*** Block opens ***

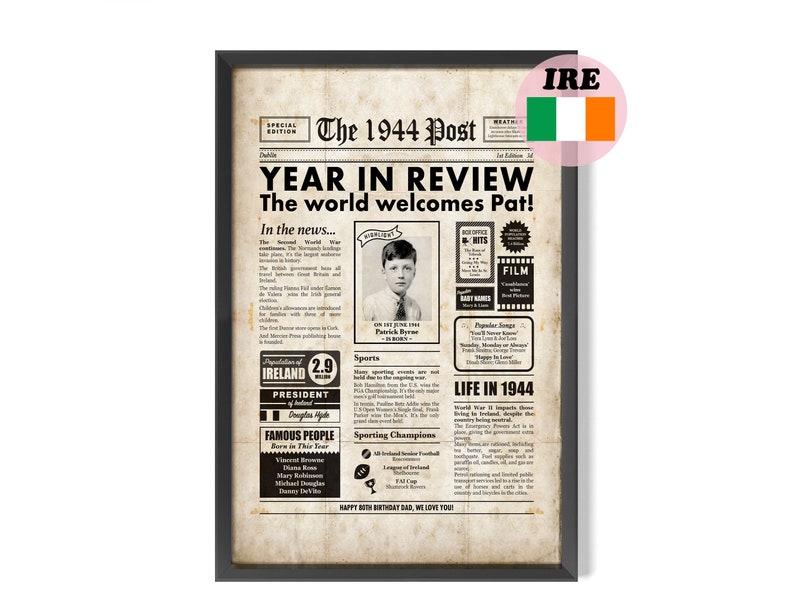 Irish 80th Birthday Newspaper Sign 1944 Digital Personalised Year You Were Born Poster About Ireland image 1
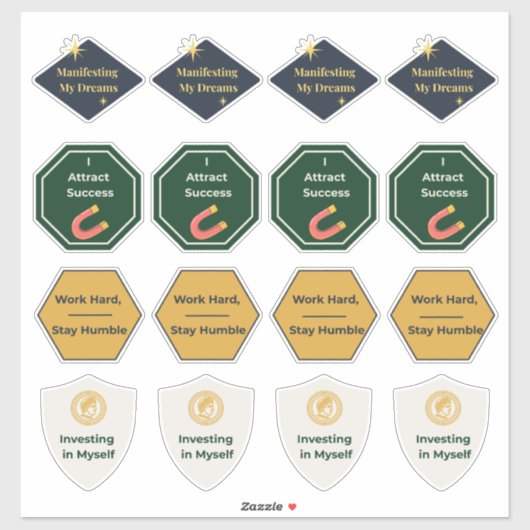 Sticker Feuille d'autocollants d'affirmation d'abondance e (Feuille)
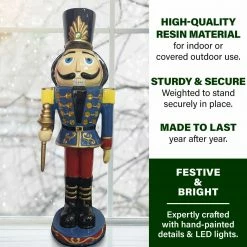 Fraser Hill Farm 3-Ft. Nutcracker Toy Soldier Holding Staff, Resin Statue W/ LED Lights 11 Fraser Hill Farm 3-Ft. Nutcracker Toy Soldier Holding Staff, Resin Statue W/ LED Lights -Christmas store unnamed file 1506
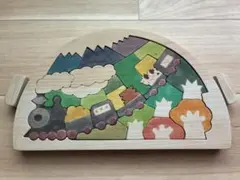 木製列車　デザインパズル 知育玩具 積み木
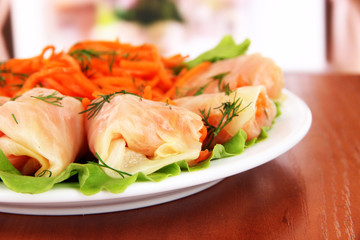 Stuffed cabbage rolls on table at home
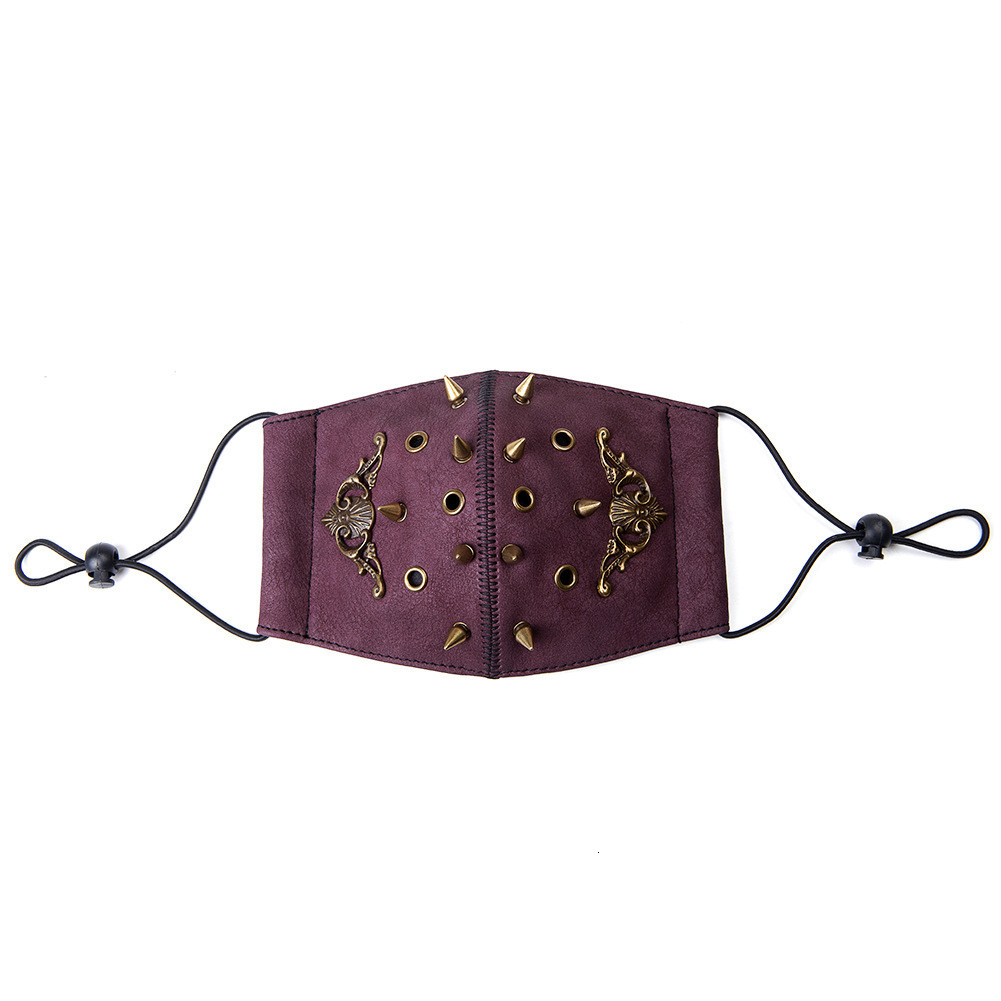 Halloween Punk PU Leather Anti-Haze with Filter Chip Dustproof PM2.5 Face Mask Lightweight ddmymoon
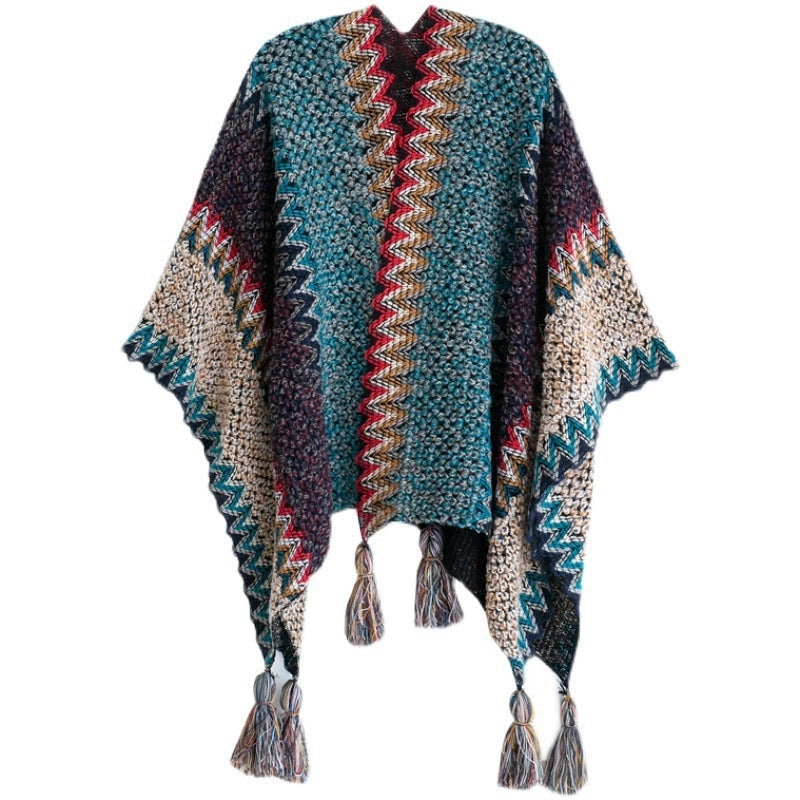 Women's Ethnic Style Plaid Acrylic Tassel Shawl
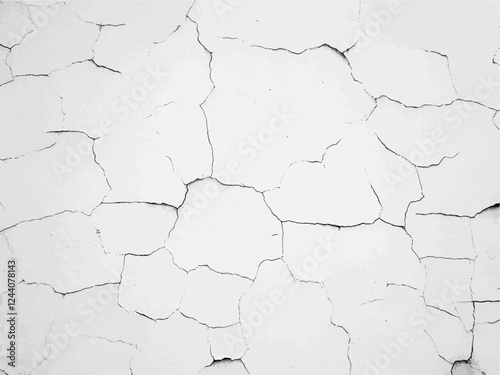 Distressed background with old wall cracks. Aged paint or concrete texture for dirty urban look. Grunge monochrome vector background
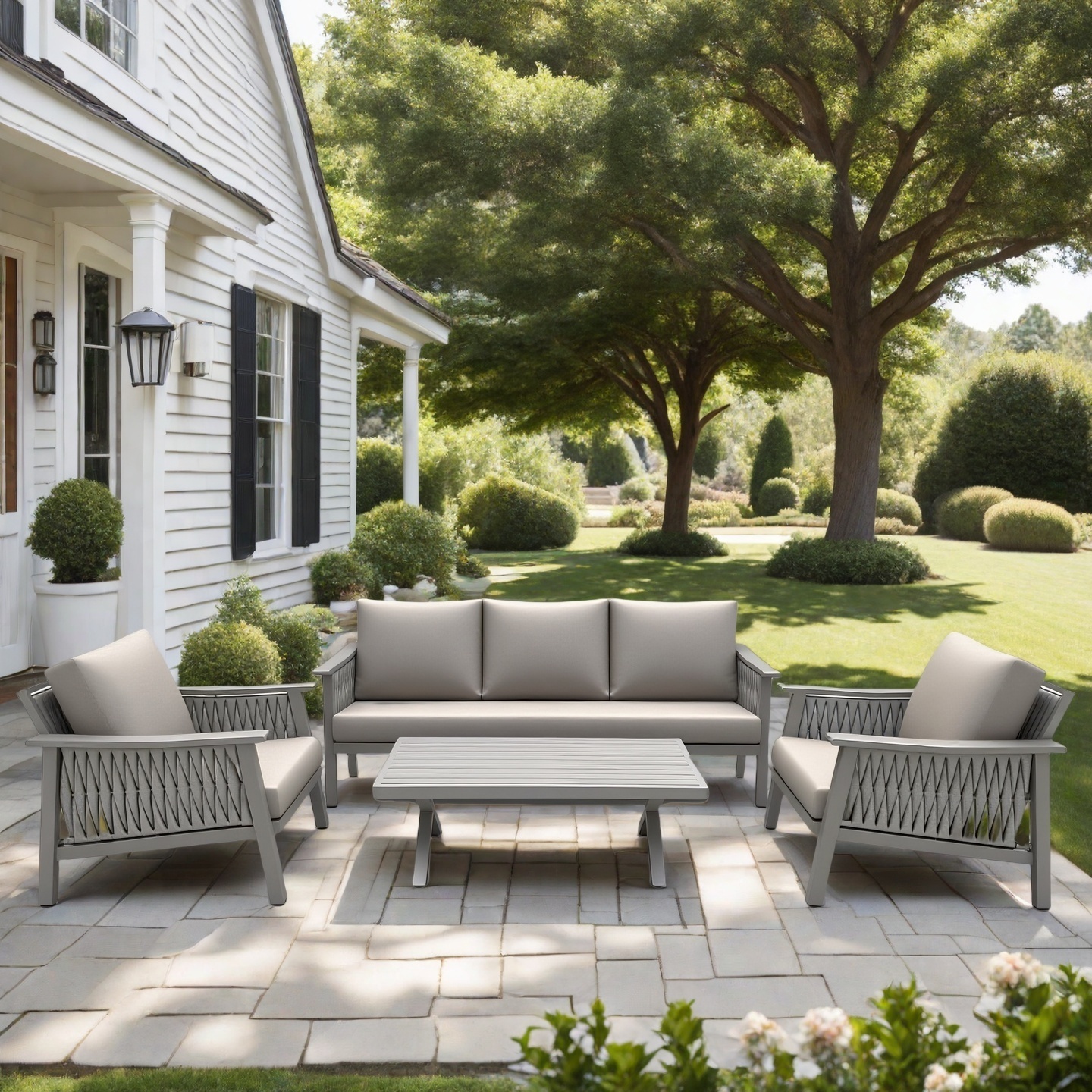Modern Rope Outdoor Sofa Set – 4-Piece A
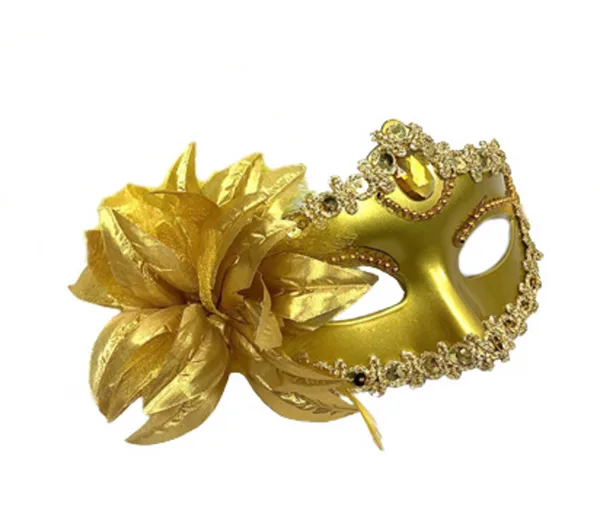Masquerade Mask - Side Feather and Flower - Gold - Party Palace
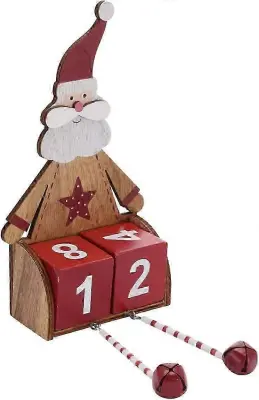 Božični adventni koledar, leseni odštevalnik adventni koledar, bloki Božička, božična namizna dekoracija za domačo pisarno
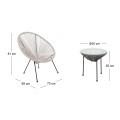 ACAPULCO Set (3-pcs) Black Metal, White-Black Plastic Rattan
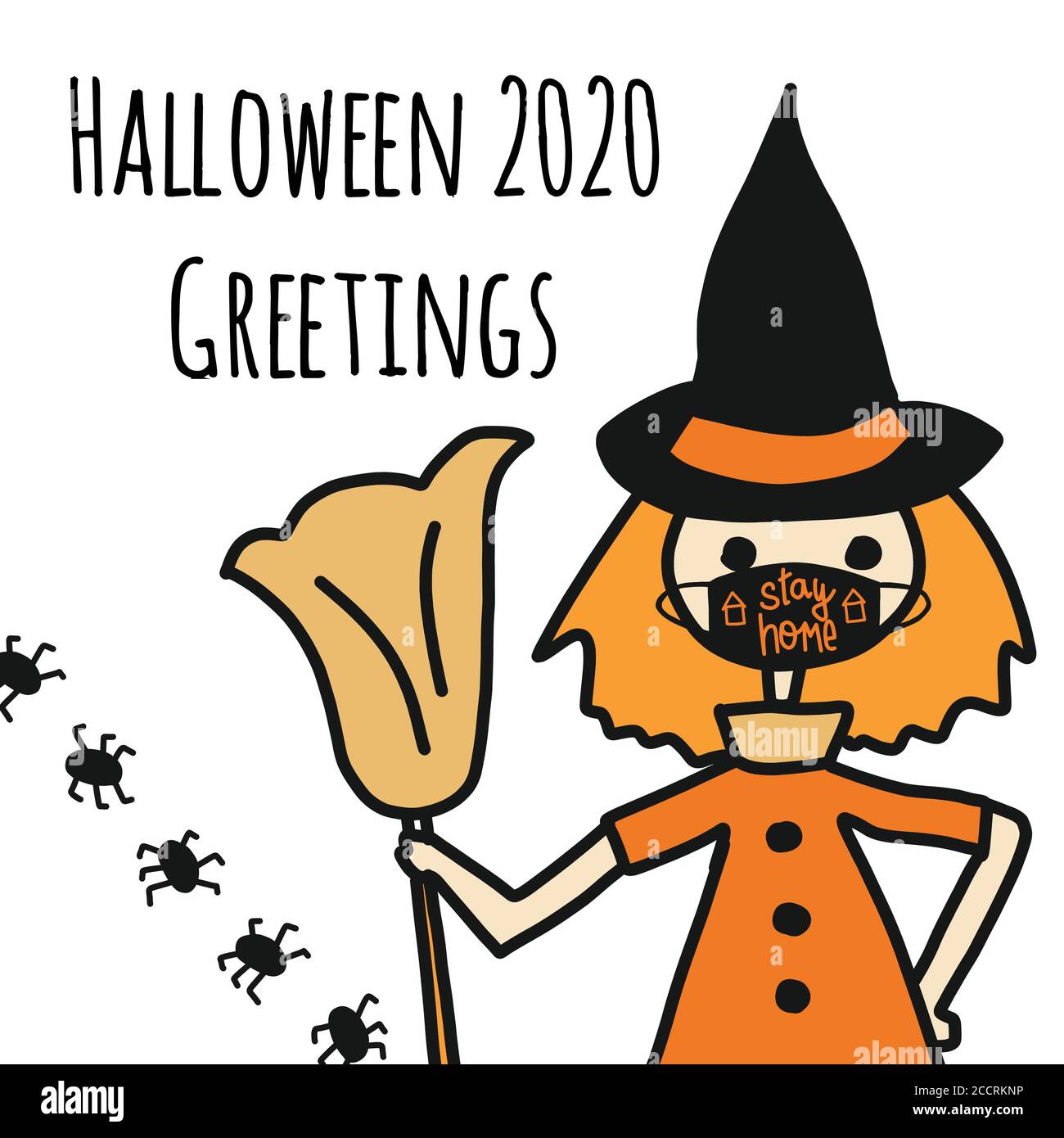 Halloween 2020 greeting card template. Fully editable vector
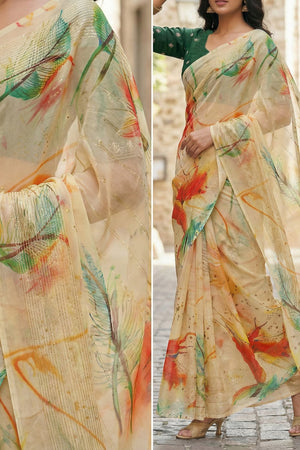 Yellow Floral Printed Organza Saree (ACA9155)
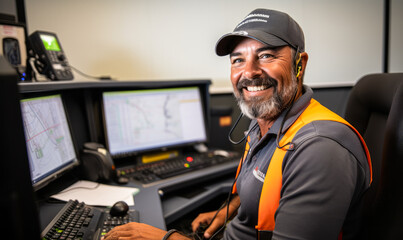 portrait of Dispatcher. Schedule, dispatch workers, work crews, equipment, service vehicles for conveyance of materials, freight, passengers, for normal installation, service, or emergency repairs - obrazy, fototapety, plakaty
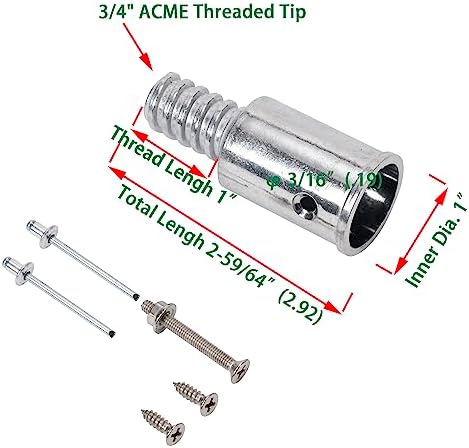 2-Pack 1 Inch Threaded Tips for Broom Handle Repair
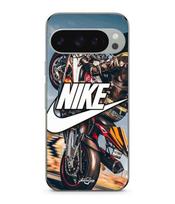 Case - MANIACASE - Google Pixel 9 Pro - Flexible - Silicone - White Nike Logo Pattern juoda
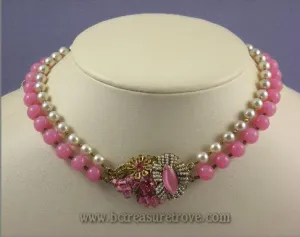 Miriam Haskell Pink and Faux Pearl Vintage Choker Necklace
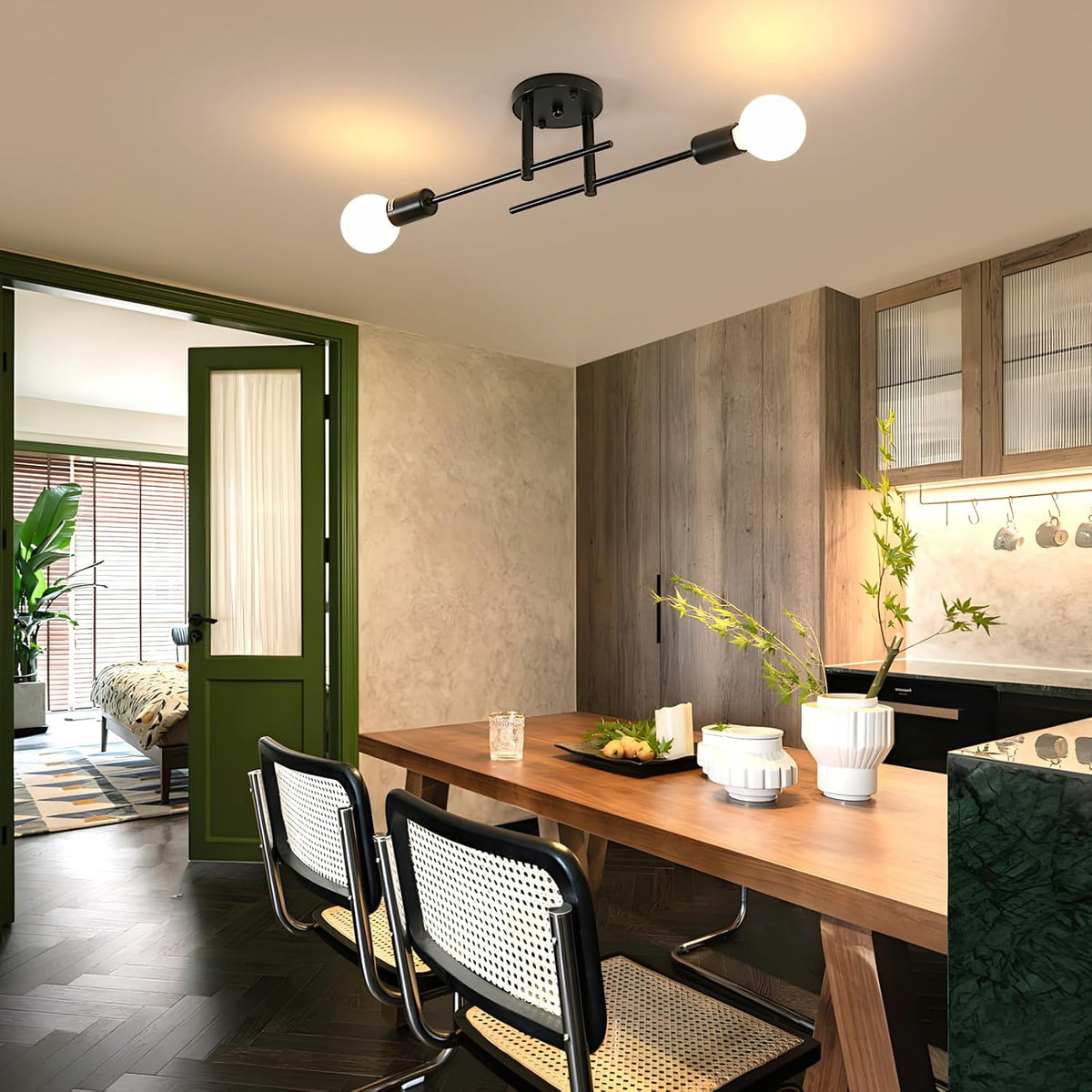 Ceiling Light - Black Metal Frame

*** Block closes ***

Work instructions
Begin at the line containing "Halloween 2020 greeting" and write out every line to the end of the data exactly. Skip the pictures.

Solution
 Halloween 2020 greeting card template. Fully editable vector
 Yellow Floral Printed Organza Saree (ACA9155)
 portrait of Dispatcher. Schedule, dispatch workers, work crews, equipment, service vehicles for conveyance of materials, freight, passengers, for normal installation, service, or emergency repairs - obrazy, fototapety, plakaty
 2-Pack 1 Inch Threaded Tips for Broom Handle Repair
 Case - MANIACASE - Google Pixel 9 Pro - Flexible - Silicone - White Nike Logo Pattern juoda
 Miriam Haskell Pink and Faux Pearl Vintage Choker Necklace
 Ceiling Light - Black Metal Frame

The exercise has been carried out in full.